Input data:
"""
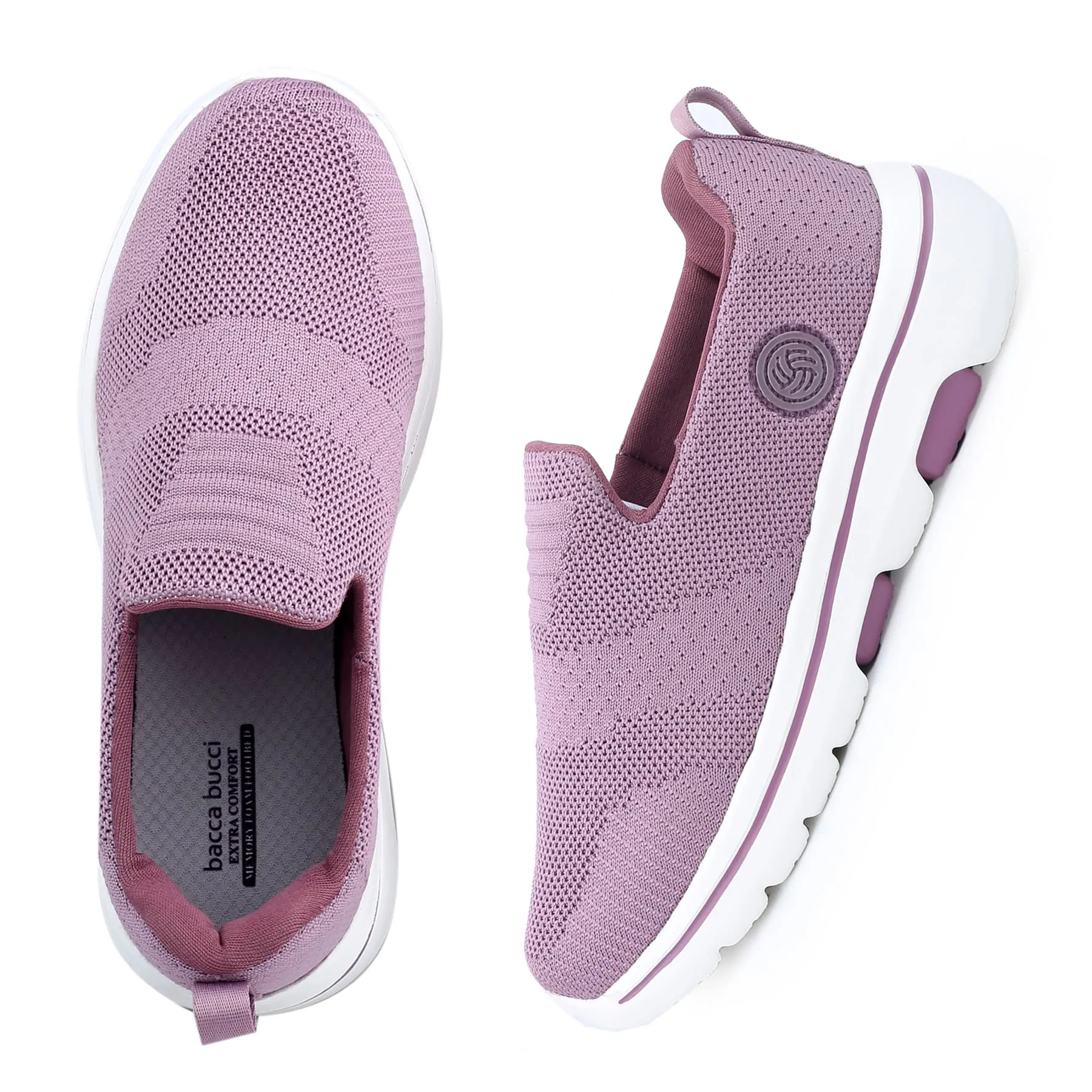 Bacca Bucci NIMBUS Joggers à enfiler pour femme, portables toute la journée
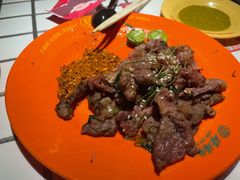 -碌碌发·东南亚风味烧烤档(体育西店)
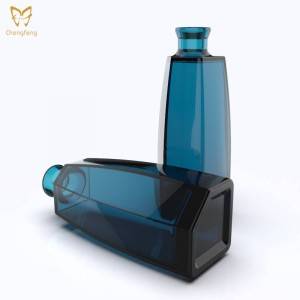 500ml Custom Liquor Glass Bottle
"""
What the exercise asks:
Exclude the pictures from the copy. Retype exactly the lines running from the one containing "-碌碌发·东南亚风味烧烤档(体育西店)" through the last line of the listing.

Task answer:
 -碌碌发·东南亚风味烧烤档(体育西店)
 500ml Custom Liquor Glass Bottle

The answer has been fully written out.